- Born: July 16, 1972
- Died: September 26, 2021 (aged 49) Near Yomba Nye County, Nevada
- Citizenship: Walker River Paiute Tribe
- Education: Haskell Indian Nations University, University of Kansas
- Occupations: Filmmaker, citizen journalist, academic
- Employer(s): Duke University and Northwest Indian College
- Notable work: Awake: A Dream From Standing Rock (2017 documentary, co-director)
- Spouse: Deborah Parker

= Myron Dewey =

Native American filmmaker and journalist (1972–2021)

Myron Charles Dewey (16 July 1972 – 26 September 2021) was a filmmaker and journalist from the Walker River Paiute Tribe.

Dewey was noted for reporting on issues at the Standing Rock Sioux Reservation especially for co-directing the 2017 documentary Awake: A Dream From Standing Rock.

== Early life ==
Dewey was born on 16 July 1972, to parents Herbert Dini Jr. of Schurz, Nevada and Cynthia Dewey of Bishop, California. A member of the Walker River Paiute Tribe, his Indigenous name was Ahu-auh-bud-shoe-knaw-me.

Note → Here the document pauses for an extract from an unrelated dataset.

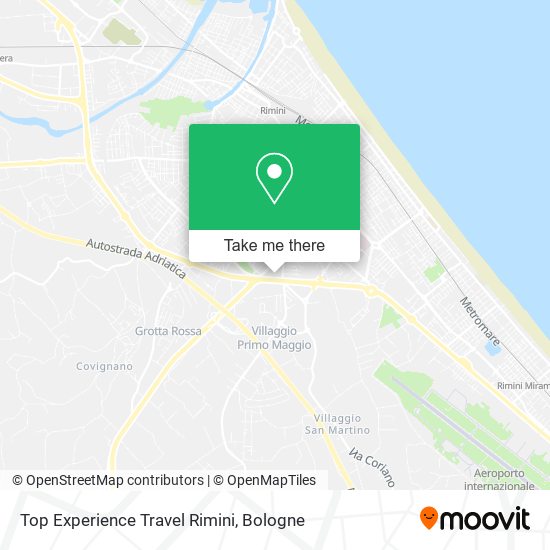 Top Experience Travel Rimini map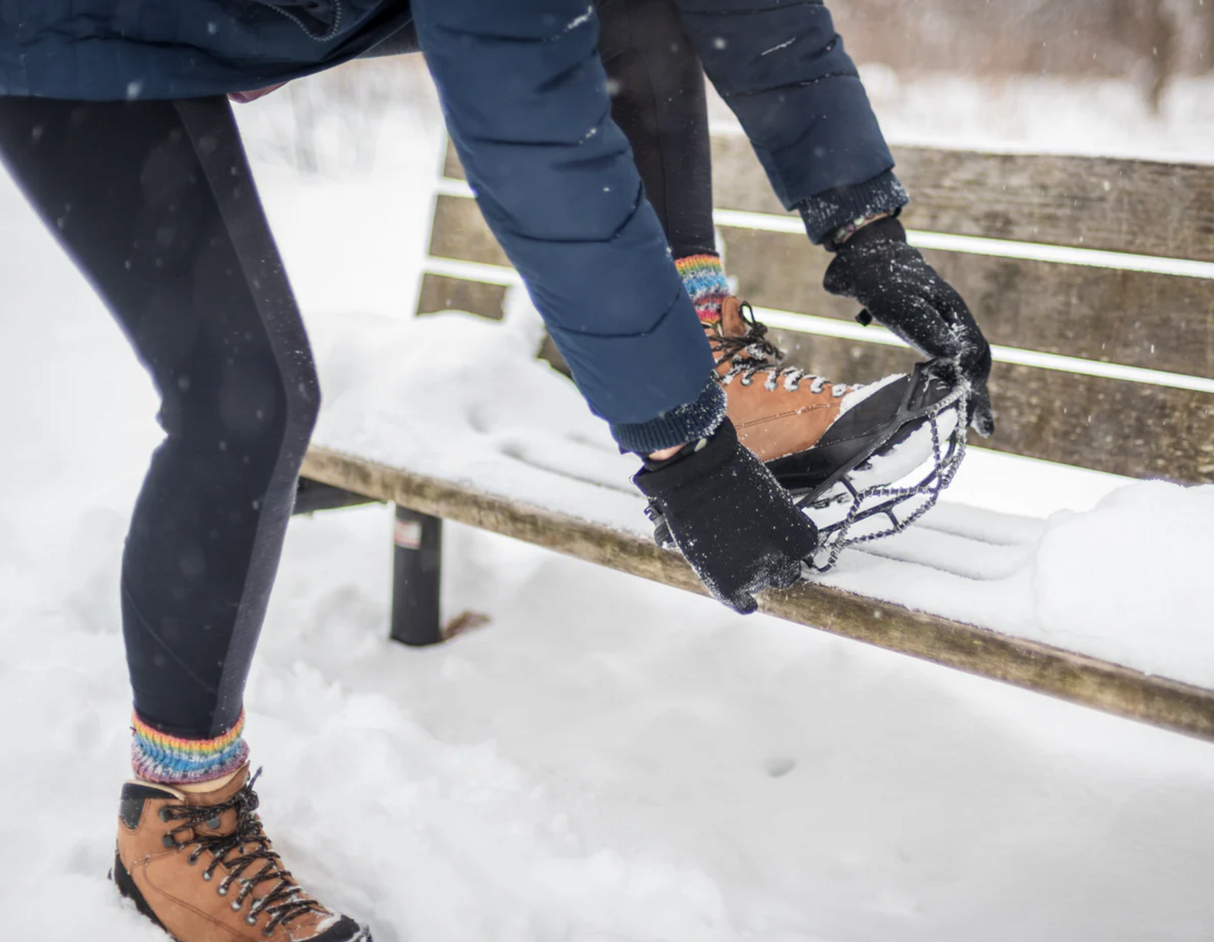 Shoes Grips - Snow Traction Chains for Shoes - Microspikes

He attended Gabbs K-12 School and studied computer systems and business information at Haskell Indian Nations University, graduating with a degrees in each in 2002 and 2003. He later attended the University of Kansas and graduated with a master's degree in Indigenous nation studies in 2007.

== Career ==
Dewey was employed by the Bureau of Indian Affairs' as a firefighter working for their Western Nevada One team in Carson City before joining their Black Mountain Hotshot Crew working in the Western United States. He founded Digital Smoke Signals online news service. Later, he worked as an academic, teaching film-making at Duke University's Center for Documentary Studies and at Northwest Indian College in Washington state.

In 2016, Dewey filmed the protests at the Dakota Access Pipeline and was a co-director of the documentary Awake: A Dream From Standing Rock working with Josh Fox and James Spione. While gathering footage, his use of drone filming attracted accusations of criminality form authorities, later dismissed. In 2017 he won an award at the New York City Drone Film Festival in the category of News/Documentary for his work filming police at the protest site.

In 2018, he won an Award of Merit from the University of Kansas Department of Film & Media Studies.

== Personal life and death ==
Dewey lived in Schurz, Nevada, in the Walker River Paiute Reservation. He lived with his wife Deborah Parker, their five children, and his one nephew.

Dewey died near Yomba, Nye County two to three hours after a car crash on 26 September 2021, aged 49. Dewey had been returning from broadcasting at the Fallon bombing range in Nevada when he died.

On June 6, 2023, John Walsh of Nevada was sentenced to 30 days in jail after pleading guilty to vehicular manslaughter.